Re: Is Titan a saturnian Europa/Ganymede?

From: Henry Spencer (henry_at_spsystems.net)
Date: 07/04/04


Date: Sun, 4 Jul 2004 17:36:06 GMT

In article <fdVFc.6903$JR4.3306@attbi_s54>,
Jack <merde44spinks@yahoo.com> wrote:
>My memory was a little fuzzy on this, I forgot that the reason
>Io is heated is because of its orbital resonance with Europa, which
>causes it to slow down or speed up at different parts of it's orbit.

Well, kind of sort of. The more usual way of saying this is that the
resonance with Europa is what keeps Io's orbital eccentricity non-zero,
and it's the eccentricity that causes the changes in both orbital rate and
orbital radius, shifting the tidal bulges around and causing internal
heating. (You can't change the speed of an orbiting object without also
changing the shape of the orbit.)

>Both Io and Titan have synchronous orbits...

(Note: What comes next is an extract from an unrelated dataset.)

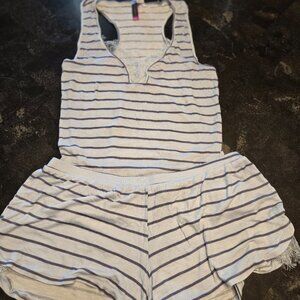 Vince Camuto Blue/White Striped Top and Shorts Pajama Set Loungewear Size Medium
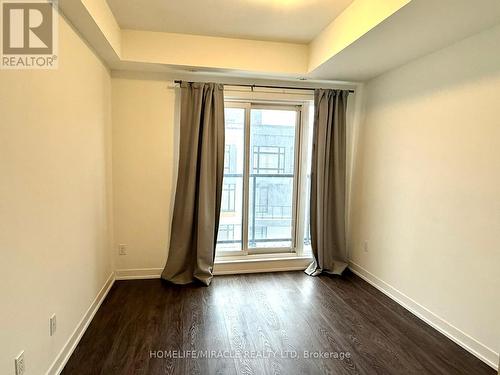 924 - 2 Steckley House Lane, Richmond Hill, ON - Indoor Photo Showing Other Room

Uh, no, synchronous *orbits* are another story; both moons are far above
the altitude required for that. They both have synchronous *rotations*,
rotating once per orbit.

>it's the slight nodding
>back and forth of Io in the strong gravity close to Jupiter that
>does it. But eccentricity per se or synchronous orbits per se
>are not the cause (or the prevention).

Eccentricity is precisely what does it -- that's what prevents the
synchronous rotation from exactly matching the orbital rate at all times,
in which case the tidal bulges would be stationary. The "nodding", which
moves the bulges around, occurs precisely because of the eccentricity.
(There is also a rather smaller contribution from changing orbital radius,
again due to eccentricity, which changes the height of the bulges.)

A contributing factor is that there's a threshold effect in tidal melting.
For a solid moon, the heating is strongly concentrated at the core. If
the core gets hot enough to *melt*, the moon loses some of its structural
strength, and so starts flexing more in response to the tidal forces,
increasing the heating rate. So more of the interior melts, and you get
runaway melting until essentially the whole moon is molten. That's what
happened to Io, as predicted in a paper published just weeks before Io's
volcanos were discovered.

(Ref: Murray&Dermott, "Solar System Dynamics".)

>I don't know if Titan's orbit is affected by other moons or not.

Not substantially. Saturn only has one big moon, Titan itself. The
others are much too small to have the sort of effects seen at Jupiter.

>But if it is, the effect would not have to be nearly as great
>to cause methane volcanism because the temperatures involved
>are much lower than for sulfur volcanism.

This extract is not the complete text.